● **Recorded data**:

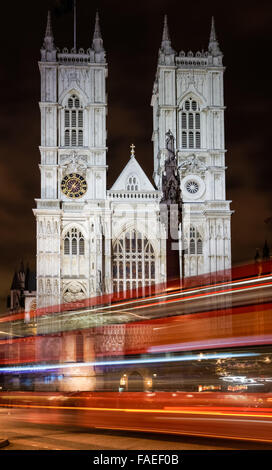 Lichtspuren links mit dem Doppeldeckerbus vorbei an Westminster Abbey in London England Vereinigtes Königreich Großbritannien Stockfoto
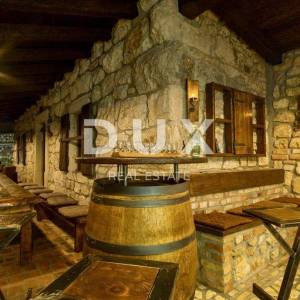VINODOL, DRIVENIK- Novouređena vila u rustikalnom stilu
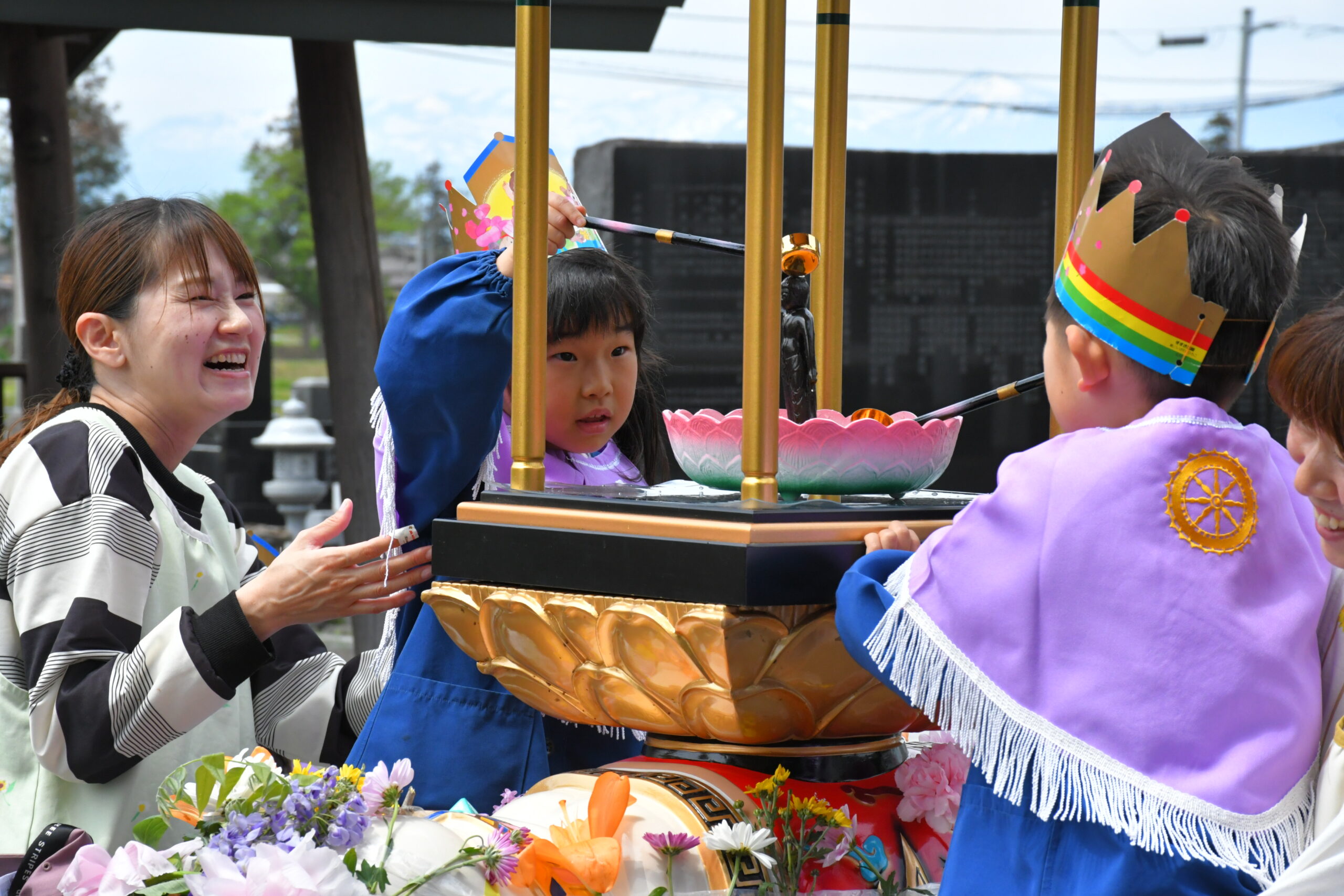 にぎやかに かわいらしく 市内2園で「花まつり」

● **Task goal**:
In your copy of the listing above, reproduce each line exactly and omit all pictures.

● **Your solution**:
 Lichtspuren links mit dem Doppeldeckerbus vorbei an Westminster Abbey in London England Vereinigtes Königreich Großbritannien Stockfoto
VINODOL, DRIVENIK- Novouređena vila u rustikalnom stilu
 にぎやかに かわいらしく 市内2園で「花まつり」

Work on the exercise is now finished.